(YOUR INSTRUCTIONS) After locating the line with "The last makeup" in the data that follows, return it and every later line exactly, up to and including the line with "At the top of".

>>>

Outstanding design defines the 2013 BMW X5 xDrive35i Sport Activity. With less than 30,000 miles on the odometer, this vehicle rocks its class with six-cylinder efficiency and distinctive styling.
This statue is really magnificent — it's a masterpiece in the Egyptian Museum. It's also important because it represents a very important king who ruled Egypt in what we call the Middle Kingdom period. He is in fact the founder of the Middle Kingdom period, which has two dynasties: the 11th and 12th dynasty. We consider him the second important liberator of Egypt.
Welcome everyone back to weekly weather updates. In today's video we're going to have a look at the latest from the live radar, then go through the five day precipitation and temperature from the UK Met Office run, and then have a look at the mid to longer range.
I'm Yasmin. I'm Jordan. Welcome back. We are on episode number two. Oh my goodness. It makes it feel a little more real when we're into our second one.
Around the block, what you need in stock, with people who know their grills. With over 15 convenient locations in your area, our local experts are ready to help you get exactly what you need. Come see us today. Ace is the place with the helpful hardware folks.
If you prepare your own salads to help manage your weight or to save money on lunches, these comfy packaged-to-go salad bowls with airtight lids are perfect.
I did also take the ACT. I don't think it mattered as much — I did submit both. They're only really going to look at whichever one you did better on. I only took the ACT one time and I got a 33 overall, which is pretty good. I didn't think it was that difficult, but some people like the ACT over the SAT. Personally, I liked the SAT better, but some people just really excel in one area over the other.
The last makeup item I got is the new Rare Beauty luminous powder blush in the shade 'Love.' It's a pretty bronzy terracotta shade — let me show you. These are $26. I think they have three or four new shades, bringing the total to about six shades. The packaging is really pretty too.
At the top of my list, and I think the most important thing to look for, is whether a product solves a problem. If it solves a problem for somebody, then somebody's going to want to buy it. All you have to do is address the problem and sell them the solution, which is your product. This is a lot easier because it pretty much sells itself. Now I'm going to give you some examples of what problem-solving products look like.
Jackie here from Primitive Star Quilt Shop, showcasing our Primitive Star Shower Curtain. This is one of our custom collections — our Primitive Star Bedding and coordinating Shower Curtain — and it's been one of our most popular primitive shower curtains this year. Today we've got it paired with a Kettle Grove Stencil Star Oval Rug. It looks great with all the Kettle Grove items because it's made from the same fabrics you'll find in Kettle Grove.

<<<

(EXPECTED OUTPUT)
The last makeup item I got is the new Rare Beauty luminous powder blush in the shade 'Love.' It's a pretty bronzy terracotta shade — let me show you. These are $26. I think they have three or four new shades, bringing the total to about six shades. The packaging is really pretty too.
At the top of my list, and I think the most important thing to look for, is whether a product solves a problem. If it solves a problem for somebody, then somebody's going to want to buy it. All you have to do is address the problem and sell them the solution, which is your product. This is a lot easier because it pretty much sells itself. Now I'm going to give you some examples of what problem-solving products look like.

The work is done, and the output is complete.